National Engineering Services Pakistan (NESPAK)
- Company type: Engineering Consulting firm
- Traded as: NESPAK
- Founded: 1973; 53 years ago
- Headquarters: Lahore, Punjab Province, Pakistan
- Number of locations: List Nationwide Karachi, Islamabad, Quetta, Peshawar International Saudi Arabia, Iran, Afghanistan, Qatar, Oman;
- Area served: Worldwide Nationwide
- Key people: Muhammad Fakhre Alam Irfan, (Chairman, MoE) Muhammad Zargham Eshaq Khan, (President) Nadeem Ashraf (Executive Vice-President) Faisal Majeed (CFO) Board of Governors (MoE)
- Products: Consultancy Services
- Services: List of Services Project planning; Feasibility study; Detailed Design; Contract Packaging; Tender Documents; Project Management; Water Resource Planning; Dams and Barrages; Irrigation systems; Drainage, Salinity Control and Land Reclamation; Agriculture Development and Allied Fields; Socio-Economic and Impact Evaluation Studies; Groundwater Resources Development; Flood management and Forecasting/Warning Systems; Institutional and Social Development; Road Infrastructure and Master Planning; Pre-feasibility Studies for Route Selection; Soils and Materials Investigation; Geometric Design for Roads and Interchanges; Pavement design; Construction Supervision of Roads/Bridges/Tunnels; Traffic forecasting, Airports; Seaports and Harbours; Technical and Financial Evaluation; Surveys and Investigations Studies; Hydraulic Model Studies; Planning and Layout; Planning for Dredging and Reclamation Work; Harbours and Inland Waterways; Architecture and Planning; Water supply; Sewerage; Solid Waste Management; Plumbing; Industrial Wastes Treatment; Information Technology; Satellite Imagery Interpretation; Map Digitization; Digital Terrain Model; Global Positioning System Survey; GIS Database and Model Development; Geographic analysis; Map production; Software Development; Software requirements specification; Functional specifications documents; LAN/WAN administration; human resources management; Quality assurance; Building Information Modeling;
- Revenue: Rs 11.01 billion(2022–2023)
- Number of employees: 5314
- Parent: Government of Pakistan
- Website: www.nespak.com.pk

= National Engineering Services Pakistan =

Pakistani energy contractor

The National Engineering Services Pakistan (قومی خدماتِ مہندسی پاکستان), commonly known as NESPAK, is a Pakistani state-owned enterprise and energy contractor which provides consulting, construction, engineering, and management services globally.
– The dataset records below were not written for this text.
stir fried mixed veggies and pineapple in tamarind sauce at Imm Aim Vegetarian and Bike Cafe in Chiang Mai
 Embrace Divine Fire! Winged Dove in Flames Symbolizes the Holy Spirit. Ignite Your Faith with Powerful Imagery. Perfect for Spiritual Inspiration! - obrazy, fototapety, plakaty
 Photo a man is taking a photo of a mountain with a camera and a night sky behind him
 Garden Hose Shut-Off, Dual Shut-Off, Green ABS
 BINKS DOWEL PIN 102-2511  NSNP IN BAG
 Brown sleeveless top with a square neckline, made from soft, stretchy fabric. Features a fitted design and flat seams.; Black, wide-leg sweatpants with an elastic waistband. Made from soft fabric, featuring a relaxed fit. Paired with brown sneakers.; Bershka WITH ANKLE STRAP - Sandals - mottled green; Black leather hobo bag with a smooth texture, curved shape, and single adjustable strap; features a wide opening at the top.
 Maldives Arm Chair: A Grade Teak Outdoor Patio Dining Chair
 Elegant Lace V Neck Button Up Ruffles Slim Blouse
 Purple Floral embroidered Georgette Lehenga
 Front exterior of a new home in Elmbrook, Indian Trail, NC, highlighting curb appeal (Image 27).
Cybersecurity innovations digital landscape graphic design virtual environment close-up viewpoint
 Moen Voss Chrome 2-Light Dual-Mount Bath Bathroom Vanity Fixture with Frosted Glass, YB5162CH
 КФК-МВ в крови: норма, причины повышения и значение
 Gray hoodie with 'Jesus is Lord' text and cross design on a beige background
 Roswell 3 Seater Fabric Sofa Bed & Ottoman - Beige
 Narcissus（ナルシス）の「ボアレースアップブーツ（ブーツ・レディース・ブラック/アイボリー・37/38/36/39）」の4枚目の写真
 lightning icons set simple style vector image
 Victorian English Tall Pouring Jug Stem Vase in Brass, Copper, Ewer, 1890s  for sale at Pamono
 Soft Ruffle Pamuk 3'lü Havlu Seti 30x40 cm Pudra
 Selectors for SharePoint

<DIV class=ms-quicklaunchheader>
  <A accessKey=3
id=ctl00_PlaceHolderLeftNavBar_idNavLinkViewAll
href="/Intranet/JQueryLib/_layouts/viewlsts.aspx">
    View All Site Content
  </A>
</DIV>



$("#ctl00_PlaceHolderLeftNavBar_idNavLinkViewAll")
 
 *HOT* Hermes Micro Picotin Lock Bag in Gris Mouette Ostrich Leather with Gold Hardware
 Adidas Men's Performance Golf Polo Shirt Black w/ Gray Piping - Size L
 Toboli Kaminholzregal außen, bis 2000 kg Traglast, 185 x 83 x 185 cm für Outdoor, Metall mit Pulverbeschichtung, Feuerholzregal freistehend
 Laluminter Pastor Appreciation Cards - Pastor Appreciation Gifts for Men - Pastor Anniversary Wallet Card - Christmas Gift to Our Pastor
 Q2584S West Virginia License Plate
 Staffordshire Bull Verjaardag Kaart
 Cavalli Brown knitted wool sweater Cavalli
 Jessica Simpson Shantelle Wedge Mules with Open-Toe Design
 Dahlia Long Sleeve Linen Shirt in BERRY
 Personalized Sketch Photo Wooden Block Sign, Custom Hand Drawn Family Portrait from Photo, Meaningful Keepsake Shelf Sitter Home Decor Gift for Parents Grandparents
It is one of the largest engineering consultant management companies in Africa and Asia. The company's headquarters is located in Lahore, with offices in Riyadh, Muscat, Tehran, Kabul, Doha and London.

==History==
Founded in 1973 by the Government of Pakistan, it has undertaken construction, engineering, and management services operations in the country and expanded its operational scope in Central Asia and Africa with completing more than 450 projects worldwide.

==Projects==
As of 2016, NES has been contracted to carry out 3,642 projects out of which 3,116 are in Pakistan and 526 are overseas projects with the cumulative cost of projects at $243 billion. Among its projects are the $1.65 billion Lahore Metro, $4 billion Neelum–Jhelum Project, $800 million New Islamabad Airport, $893 million expansion of Salalah Airport in Oman, the $500 million Farah River Dam Project in Afghanistan, as well as managing the Karachi Nuclear Power Plant on behalf of Pakistan Nuclear Regulatory Authority. NESPAK is also managing the supervision of $128 million 15 small dams' project in Western Saudi Arabia and the Obudu Dam project in Nigeria.